A Reluctant Lover

In my personal devotions I read this quote adapted from Erwin McManus’ book “Soul Cravings

“Religion exists not because God loves too little but because we need love so much.  We’ve been told that God is a reluctant lover and that his standards must be met before there can be any talk of love.  This is lunacy. Love exists because God is love.  Our souls will never find satisfaction until our hearts have found this love that we so desperately yearn for.”

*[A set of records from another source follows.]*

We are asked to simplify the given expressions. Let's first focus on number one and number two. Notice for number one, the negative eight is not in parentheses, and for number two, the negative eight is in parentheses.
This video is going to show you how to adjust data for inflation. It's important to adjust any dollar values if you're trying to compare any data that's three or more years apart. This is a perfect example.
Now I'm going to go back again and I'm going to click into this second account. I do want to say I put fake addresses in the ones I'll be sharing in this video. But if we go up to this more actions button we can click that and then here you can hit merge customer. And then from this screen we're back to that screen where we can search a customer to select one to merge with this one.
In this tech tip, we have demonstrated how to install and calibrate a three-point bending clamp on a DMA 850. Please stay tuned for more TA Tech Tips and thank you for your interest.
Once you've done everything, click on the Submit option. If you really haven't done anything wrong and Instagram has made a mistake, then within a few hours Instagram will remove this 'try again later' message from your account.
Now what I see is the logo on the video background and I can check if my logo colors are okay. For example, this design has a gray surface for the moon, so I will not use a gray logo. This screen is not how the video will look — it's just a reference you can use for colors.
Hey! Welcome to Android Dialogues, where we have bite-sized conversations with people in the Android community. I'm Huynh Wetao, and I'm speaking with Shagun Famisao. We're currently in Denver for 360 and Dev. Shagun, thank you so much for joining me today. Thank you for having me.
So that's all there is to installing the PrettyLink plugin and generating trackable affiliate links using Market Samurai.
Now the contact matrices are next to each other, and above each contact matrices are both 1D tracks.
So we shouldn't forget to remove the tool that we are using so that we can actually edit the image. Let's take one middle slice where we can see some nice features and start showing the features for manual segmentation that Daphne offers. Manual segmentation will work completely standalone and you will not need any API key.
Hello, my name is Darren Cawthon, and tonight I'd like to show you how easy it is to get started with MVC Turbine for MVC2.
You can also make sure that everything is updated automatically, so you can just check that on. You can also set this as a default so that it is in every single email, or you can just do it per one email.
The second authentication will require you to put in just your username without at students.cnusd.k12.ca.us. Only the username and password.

In dealing with adherents of the Prosperity Gospel or those that believe that God’s blessings are contingent, it’s often pointed out how much suffering has been endured by those who were indeed walking a straight path with God.  Paul is perhaps our greatest example of an obedient servant who suffered greatly because he obeyed all that God had for him.

But this passage helped me reflect on how often God’s blessings are also available to those who don’t deserve them.  Starting with the gift of grace and passed on down through innumerable experiences, people are being given gifts by God simply because he loves them.  Love after all, keeps no record of right and wrong.

God’s blessings are not available to us because of what we’ve done.  They are there because of who we are, people loved by God.


8 thoughts on “A Reluctant Lover

  1. “We love because He first loved us.”

    That’s in the Bible (somewhere).

    “God’s blessings are not available to us because of what we’ve done. They are there because of who we are, people loved by God.”

    Well said! Amen!

  2. ” God’s blessings are not available to us because of what we’ve done. They are their because of who we are, people loved by God.”

    Amen, Tim!

    Well said.

    God helps those who can not help themselves……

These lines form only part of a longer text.